A faithful copy is needed of the lines below from the one with "Couple experiencing relationship" up to and including the one with "ein orangefarbenes Gebäude"; set it down with no pictures and no other lines.

▶ **Pictures with short captions**:
----
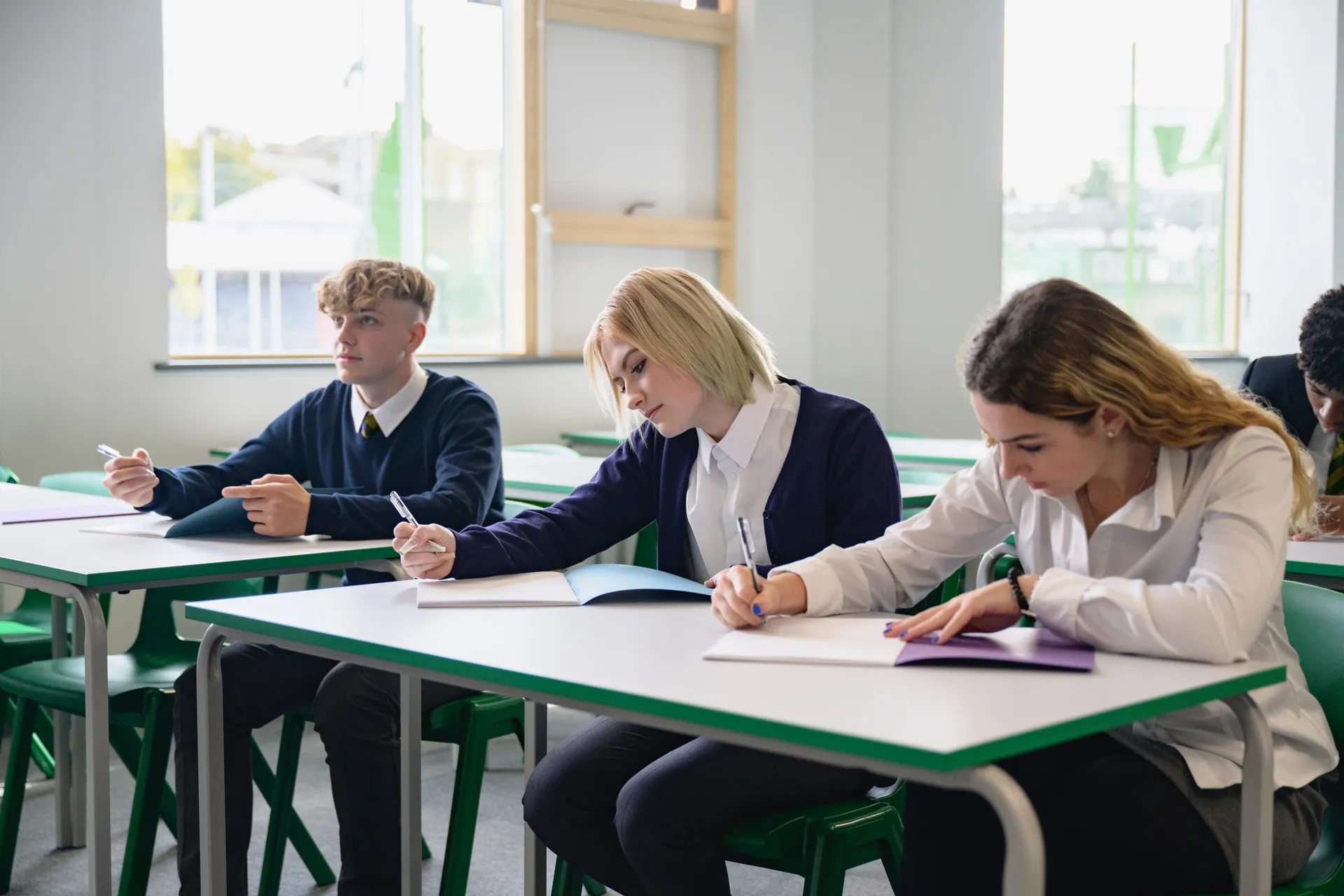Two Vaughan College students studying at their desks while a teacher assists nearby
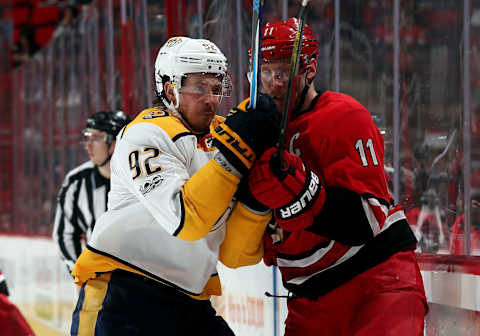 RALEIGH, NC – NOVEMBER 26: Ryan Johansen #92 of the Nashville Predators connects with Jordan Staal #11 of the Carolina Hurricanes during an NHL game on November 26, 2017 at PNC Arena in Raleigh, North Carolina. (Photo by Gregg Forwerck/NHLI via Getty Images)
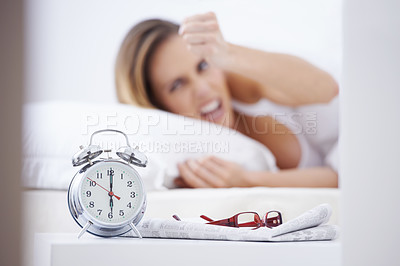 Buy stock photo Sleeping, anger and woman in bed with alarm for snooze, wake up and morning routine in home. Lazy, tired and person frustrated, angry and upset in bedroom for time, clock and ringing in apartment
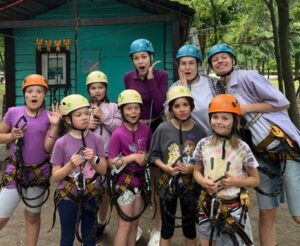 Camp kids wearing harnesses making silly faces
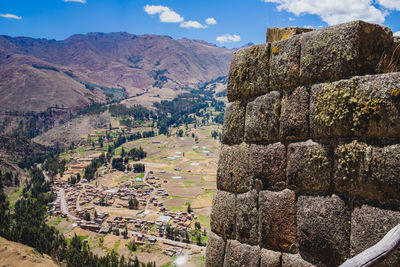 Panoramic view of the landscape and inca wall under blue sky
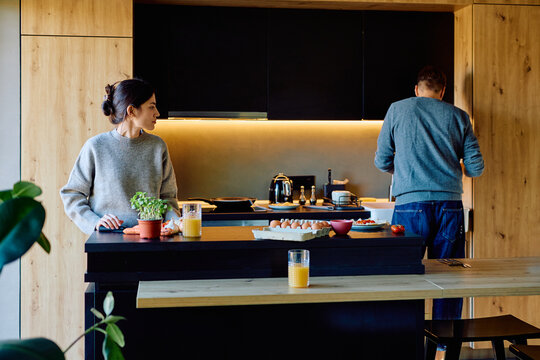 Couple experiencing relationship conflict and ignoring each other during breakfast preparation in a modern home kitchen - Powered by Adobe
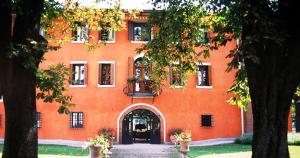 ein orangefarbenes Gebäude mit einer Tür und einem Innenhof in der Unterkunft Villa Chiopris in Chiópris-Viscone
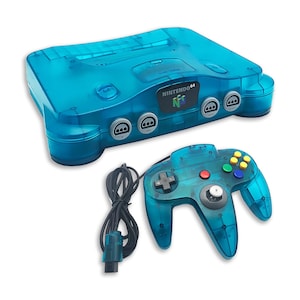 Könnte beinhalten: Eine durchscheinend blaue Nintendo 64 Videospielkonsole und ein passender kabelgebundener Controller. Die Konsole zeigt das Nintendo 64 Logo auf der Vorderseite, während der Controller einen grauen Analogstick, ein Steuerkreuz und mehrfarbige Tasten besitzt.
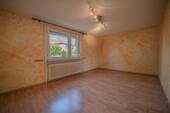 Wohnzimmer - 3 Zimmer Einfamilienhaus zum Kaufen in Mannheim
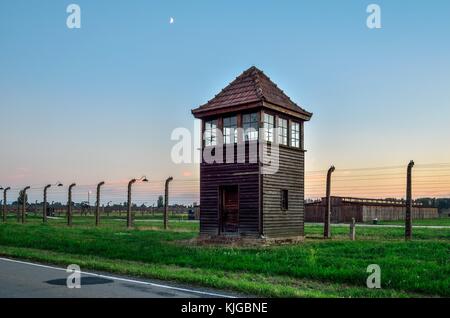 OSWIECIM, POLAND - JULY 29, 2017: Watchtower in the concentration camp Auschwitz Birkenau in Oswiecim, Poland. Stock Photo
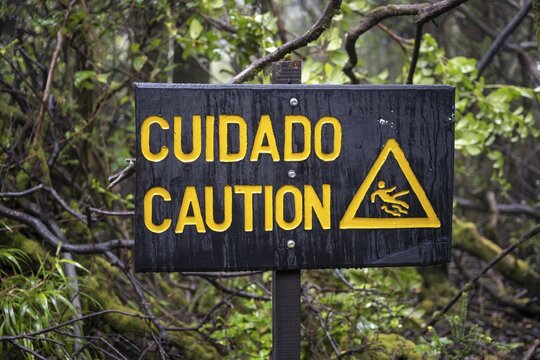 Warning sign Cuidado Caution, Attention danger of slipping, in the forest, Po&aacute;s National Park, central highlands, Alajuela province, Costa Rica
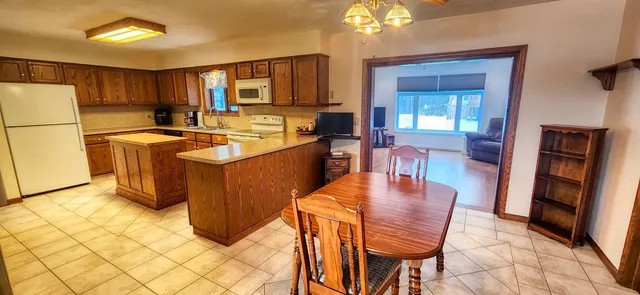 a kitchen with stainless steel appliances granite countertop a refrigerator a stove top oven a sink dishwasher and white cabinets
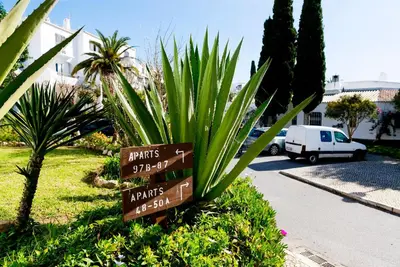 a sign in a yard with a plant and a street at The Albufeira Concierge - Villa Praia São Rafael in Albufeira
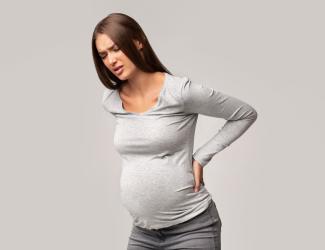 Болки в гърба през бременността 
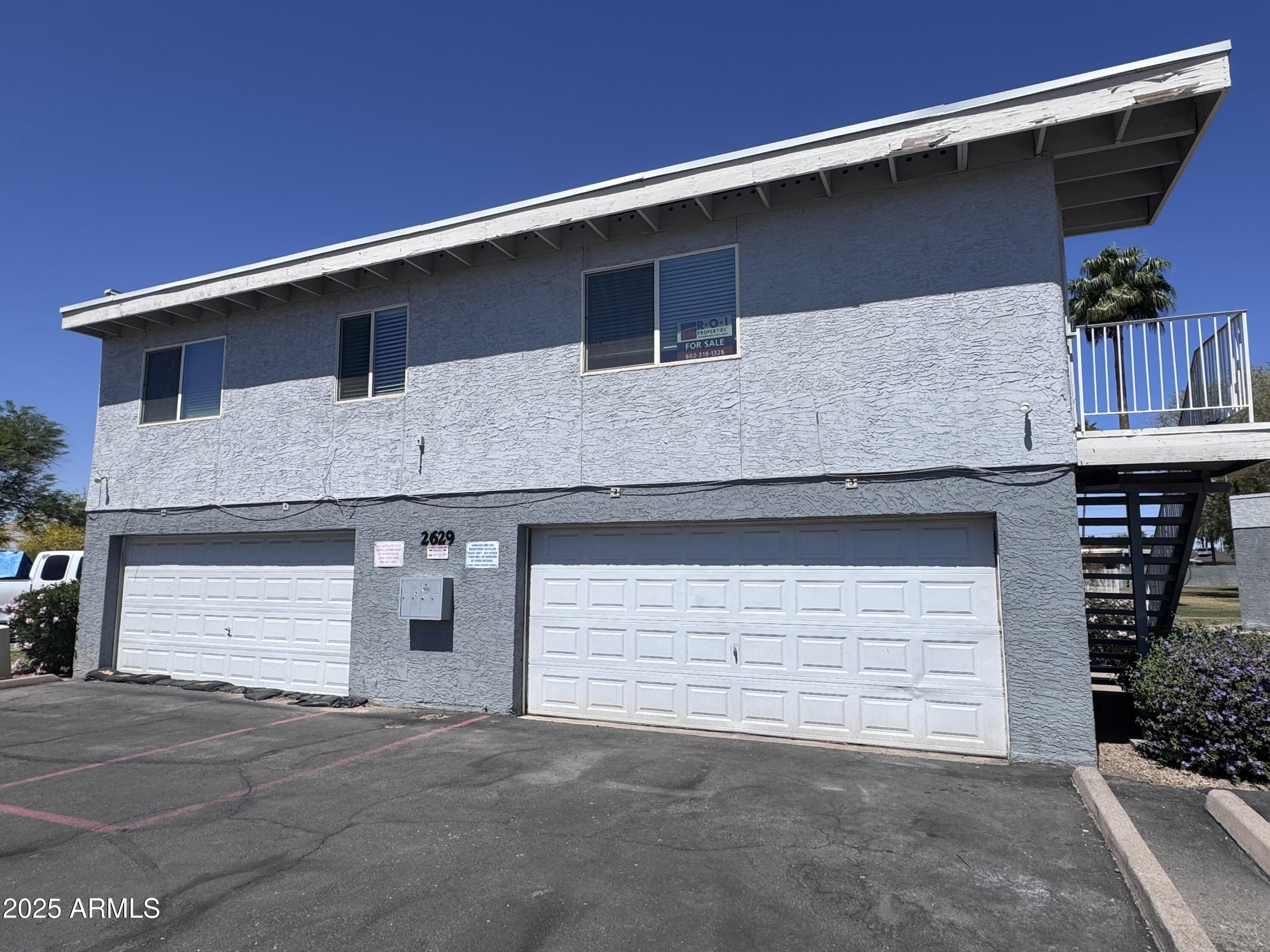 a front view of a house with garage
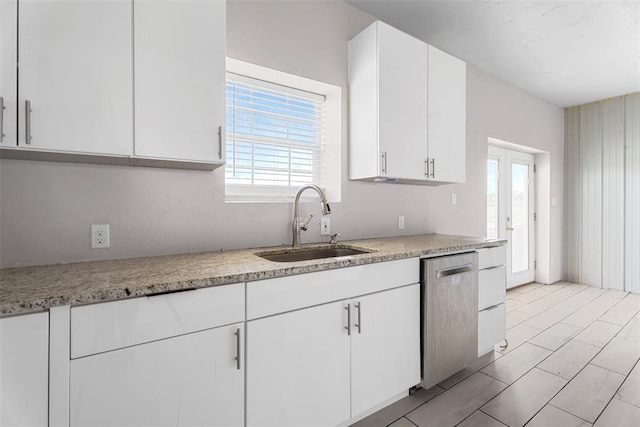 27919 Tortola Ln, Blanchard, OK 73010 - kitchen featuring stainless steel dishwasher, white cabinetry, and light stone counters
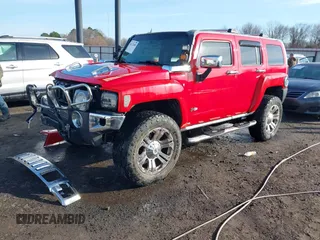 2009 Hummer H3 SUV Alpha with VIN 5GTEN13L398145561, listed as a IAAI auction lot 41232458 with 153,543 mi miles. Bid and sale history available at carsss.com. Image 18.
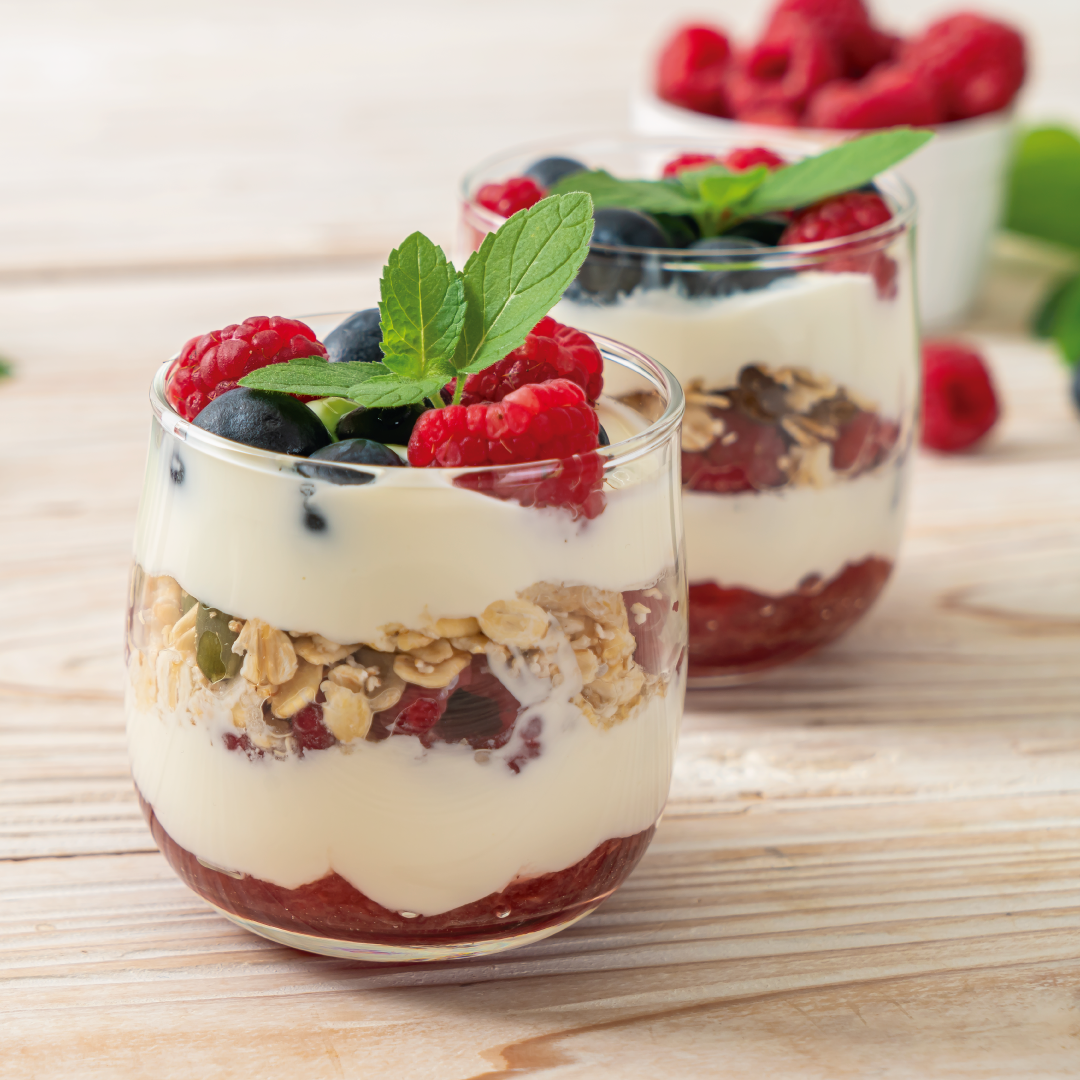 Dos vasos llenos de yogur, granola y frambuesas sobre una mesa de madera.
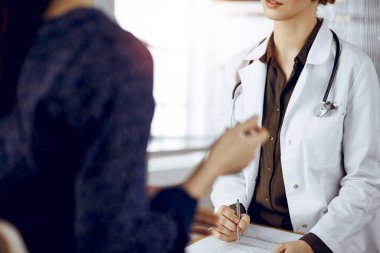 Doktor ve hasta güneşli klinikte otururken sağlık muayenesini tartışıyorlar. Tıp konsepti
----
▶ **Solution for this exercise**:
 Couple experiencing relationship conflict and ignoring each other during breakfast preparation in a modern home kitchen - Powered by Adobe
 ein orangefarbenes Gebäude mit einer Tür und einem Innenhof in der Unterkunft Villa Chiopris in Chiópris-Viscone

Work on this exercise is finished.